30 Mr Sharpe asserts that the Commissioner can be satisfied that he is a fit and proper person to hold the contractor licence and is otherwise of good character. Mr Sharpe presented no explanation with respect to the difference between the birth dates given on the application in conflict with the previous birth date provided. Dr. Doyle submits that the Department was under a duty to make enquiries because of the impact its decision would have on an applicant. Section 14 of the Licensing And Registration (Uniform Procedures) Act 2002 makes provision for circumstances where further information can be requested by the licensing authority.

The Commissioner’s case

31 The Commissioner relies on the material filed pursuant to section 58 of the Administrative Decisions Tribunal Act 1997. Ms Griswold presented oral submissions in support of the Commissioner’s position and also filed written submissions in reply to those provided by Dr. Doyle.

32 Ms Griswold provided copies of the documents relevant to the winding up of KS Construction. These indicate an estimated contingent liability deficiency of $44,000.

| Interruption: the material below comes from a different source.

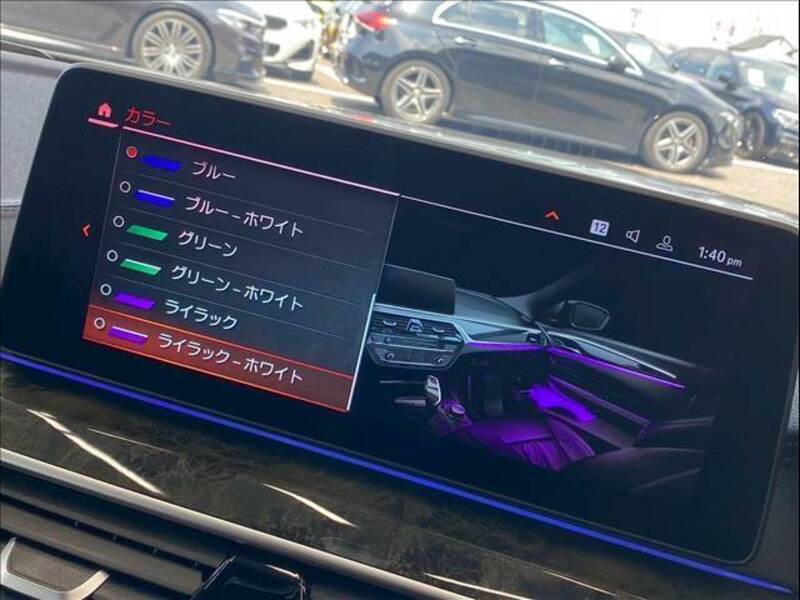 5 SERIES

33 Ms Griswold contends that the licence should be refused under clause 25(1)(a)(xii) of the Regulation because the Commissioner could not be satisfied that the sole director of the Applicant company is not a director of a company that is the subject of a winding up order or for which a controller or administrator has been appointed. Mr. Sharpe was the sole director and secretary for KS Construction, a company which debts exceeded its assets by a considerable amount, for which a liquidator was appointed and which was subject to a wind up order.

34 The Commissioner submits that Dr. Doyle’s argument that the Regulation is inconsistent with the Act and therefore ultra vires is without merit. It is submitted that there is no inconsistency between the various provisions of the Regulations as Dr. Doyle has asserted. Ms Griswold contends that for all practical purposes they are identical. She submits that the proposition that the term "authorities" is not specifically re-defined in Part 4 Division 1 of the Regulations is irrelevant as the term is used in a way that is wholly consistent with the Act. She submits that any argument from the Applicant in respect of a tradesperson certificate is irrelevant.

35 It is also the Commissioner's submission that Dr. Doyle's argument with regard to the interpretation of section 140 of the Act is also without merit. Section 140 provides the power for the making of regulations under the Act. The Commissioner contends that section 140(1) is the general regulation-making power. Subsection 140(2) lists things about which regulations may be made, and expressly refrains from limiting the generality of subsection 140(1).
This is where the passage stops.